Dampak Jangka Panjang Menyedihkan
Gaza sudah memiliki sejumlah besar orang yang diamputasi akibat perang Israel sebelumnya pada tahun 2008-2009, 2012, 2014, dan 2021, tetapi krisis orang yang diamputasi sejak perang dimulai pada bulan Oktober memiliki konsekuensi jangka panjang signifikan bagi individu dan masyarakat.
Bagi mereka yang terkena dampak, kehilangan anggota tubuh menyebabkan tantangan fisik dan mental, sehingga memerlukan perawatan medis ekstensif, rehabilitasi, dan dukungan psikologis. Banyak yang menghadapi kendala dalam berintegrasi kembali ke masyarakat, termasuk hambatan pekerjaan dan berkurangnya mobilitas, yang memengaruhi kualitas hidup dan kemandirian mereka.
Meskipun menghadapi tantangan ini, banyak orang yang diamputasi menunjukkan ketahanan yang luar biasa, menerima dukungan dari masyarakat setempat dan organisasi kemanusiaan untuk membangun kembali kehidupan di tengah kekacauan dan ketidakpastian yang sedang berlangsung.

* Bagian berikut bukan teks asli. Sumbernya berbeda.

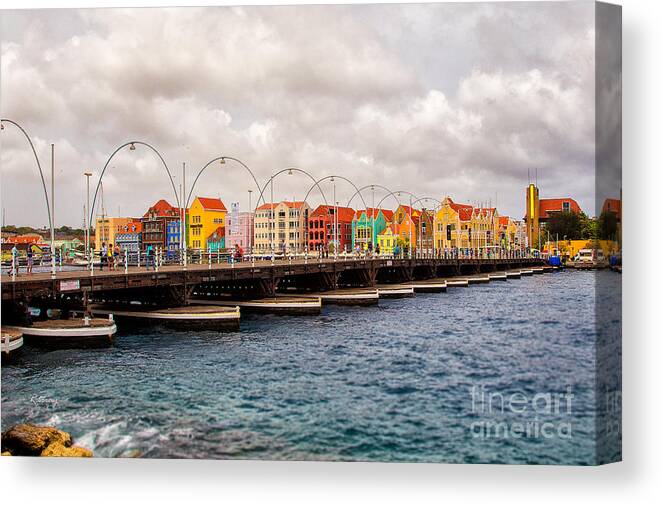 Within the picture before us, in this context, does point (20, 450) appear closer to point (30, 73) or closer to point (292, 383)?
point (292, 383)

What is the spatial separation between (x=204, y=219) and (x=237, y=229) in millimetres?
5832

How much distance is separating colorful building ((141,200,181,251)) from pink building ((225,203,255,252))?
773 inches

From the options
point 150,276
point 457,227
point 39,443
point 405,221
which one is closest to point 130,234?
point 405,221

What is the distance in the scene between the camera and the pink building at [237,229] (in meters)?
81.9

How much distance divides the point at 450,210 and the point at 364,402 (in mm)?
85549

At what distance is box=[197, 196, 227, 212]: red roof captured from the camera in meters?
88.1

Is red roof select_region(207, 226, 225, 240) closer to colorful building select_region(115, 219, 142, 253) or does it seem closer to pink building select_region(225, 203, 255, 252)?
pink building select_region(225, 203, 255, 252)

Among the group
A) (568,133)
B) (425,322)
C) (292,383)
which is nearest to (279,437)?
(292,383)

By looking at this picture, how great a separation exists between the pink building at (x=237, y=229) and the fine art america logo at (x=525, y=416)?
6670cm

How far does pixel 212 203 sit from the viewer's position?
9000 cm

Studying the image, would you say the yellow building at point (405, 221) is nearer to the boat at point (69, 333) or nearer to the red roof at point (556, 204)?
the red roof at point (556, 204)

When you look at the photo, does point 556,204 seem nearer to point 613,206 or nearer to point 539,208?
point 539,208

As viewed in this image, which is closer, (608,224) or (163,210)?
(608,224)

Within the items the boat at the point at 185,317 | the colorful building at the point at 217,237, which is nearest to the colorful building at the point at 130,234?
the colorful building at the point at 217,237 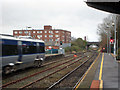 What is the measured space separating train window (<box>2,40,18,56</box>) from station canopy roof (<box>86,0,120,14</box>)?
6.15 m

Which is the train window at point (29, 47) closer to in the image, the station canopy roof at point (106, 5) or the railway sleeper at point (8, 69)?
the railway sleeper at point (8, 69)

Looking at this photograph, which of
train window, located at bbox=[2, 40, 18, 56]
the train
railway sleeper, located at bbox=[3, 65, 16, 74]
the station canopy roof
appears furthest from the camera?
railway sleeper, located at bbox=[3, 65, 16, 74]

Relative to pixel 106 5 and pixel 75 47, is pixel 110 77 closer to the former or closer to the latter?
pixel 106 5

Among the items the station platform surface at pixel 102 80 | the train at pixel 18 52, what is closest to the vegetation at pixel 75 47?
the train at pixel 18 52

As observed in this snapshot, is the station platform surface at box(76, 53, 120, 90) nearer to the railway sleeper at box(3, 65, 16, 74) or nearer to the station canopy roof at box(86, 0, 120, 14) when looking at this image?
the station canopy roof at box(86, 0, 120, 14)

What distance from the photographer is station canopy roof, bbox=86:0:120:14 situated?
28.2 feet

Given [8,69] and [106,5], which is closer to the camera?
[106,5]

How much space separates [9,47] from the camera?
40.0 feet

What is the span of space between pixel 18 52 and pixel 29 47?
2.10m

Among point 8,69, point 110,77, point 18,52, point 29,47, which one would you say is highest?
point 29,47

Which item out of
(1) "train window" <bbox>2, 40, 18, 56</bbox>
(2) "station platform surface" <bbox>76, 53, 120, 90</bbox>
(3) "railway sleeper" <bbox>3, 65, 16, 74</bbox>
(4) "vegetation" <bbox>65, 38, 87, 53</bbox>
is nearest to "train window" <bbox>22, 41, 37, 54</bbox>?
(1) "train window" <bbox>2, 40, 18, 56</bbox>

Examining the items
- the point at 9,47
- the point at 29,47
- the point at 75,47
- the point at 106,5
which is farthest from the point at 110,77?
the point at 75,47

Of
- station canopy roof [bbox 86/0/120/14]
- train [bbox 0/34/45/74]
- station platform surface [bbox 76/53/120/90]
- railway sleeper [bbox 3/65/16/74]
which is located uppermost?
station canopy roof [bbox 86/0/120/14]

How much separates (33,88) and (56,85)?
4.87 ft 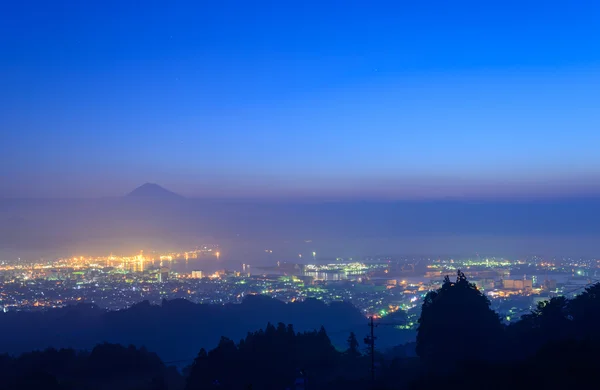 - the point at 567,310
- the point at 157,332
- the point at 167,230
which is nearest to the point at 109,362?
the point at 157,332

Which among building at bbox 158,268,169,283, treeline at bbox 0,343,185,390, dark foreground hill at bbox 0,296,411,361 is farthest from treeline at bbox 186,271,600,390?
building at bbox 158,268,169,283

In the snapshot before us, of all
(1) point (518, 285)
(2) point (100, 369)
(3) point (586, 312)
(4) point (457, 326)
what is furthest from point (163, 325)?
(1) point (518, 285)

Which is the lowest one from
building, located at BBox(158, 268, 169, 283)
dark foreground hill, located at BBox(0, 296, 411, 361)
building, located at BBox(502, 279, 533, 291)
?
dark foreground hill, located at BBox(0, 296, 411, 361)

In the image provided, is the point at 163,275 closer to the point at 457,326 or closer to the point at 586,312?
the point at 457,326

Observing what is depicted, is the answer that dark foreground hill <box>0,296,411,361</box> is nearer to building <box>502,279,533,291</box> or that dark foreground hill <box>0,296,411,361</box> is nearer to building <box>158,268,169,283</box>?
building <box>502,279,533,291</box>

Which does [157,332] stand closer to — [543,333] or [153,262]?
[543,333]

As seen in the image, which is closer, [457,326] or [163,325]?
[457,326]

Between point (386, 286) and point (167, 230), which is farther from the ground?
point (167, 230)

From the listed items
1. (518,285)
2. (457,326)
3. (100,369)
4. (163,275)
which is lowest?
(100,369)

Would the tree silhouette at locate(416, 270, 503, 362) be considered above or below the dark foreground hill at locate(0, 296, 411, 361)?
above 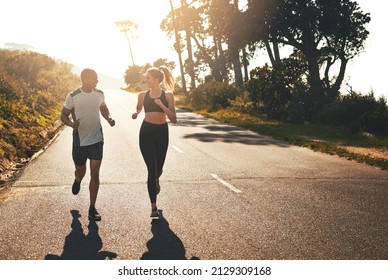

Sobhi Soboh, seorang fisioterapis dan anggota dewan proyek amputasi Palestine Children’s Relief Funds, berbicara kepada TNA tentang pengalamannya sebagai seorang amputasi sejak usia delapan tahun. Dia kehilangan kakinya setelah bom Israel menyebabkan tembok runtuh di rumah keluarganya di Gaza utara saat dia sedang bermain.
Ia menghabiskan lima tahun hidup berjalan di atas sapu. Dari waktu ke waktu membuat kruk sendiri dari baja logam yang terasa sangat berat untuk berjalan. Setelah saya bertemu PCRF pada tahun 2008, hidupnya berubah ketika mendapat bantuan kaki palsu pertama. “Saya sempat berpikir untuk bunuh diri karena dampak fisik dan mental yang saya alami akibat situasi tersebut,” kata Soboh kepada TNA.
Menjadi seorang yang diamputasi di Gaza di tengah perang saat ini sangatlah sulit karena kombinasi dari keterbatasan sumber daya medis, hambatan fisik, kesulitan ekonomi, dan trauma psikologis yang diperburuk oleh konflik yang sedang berlangsung dan krisis kemanusiaan.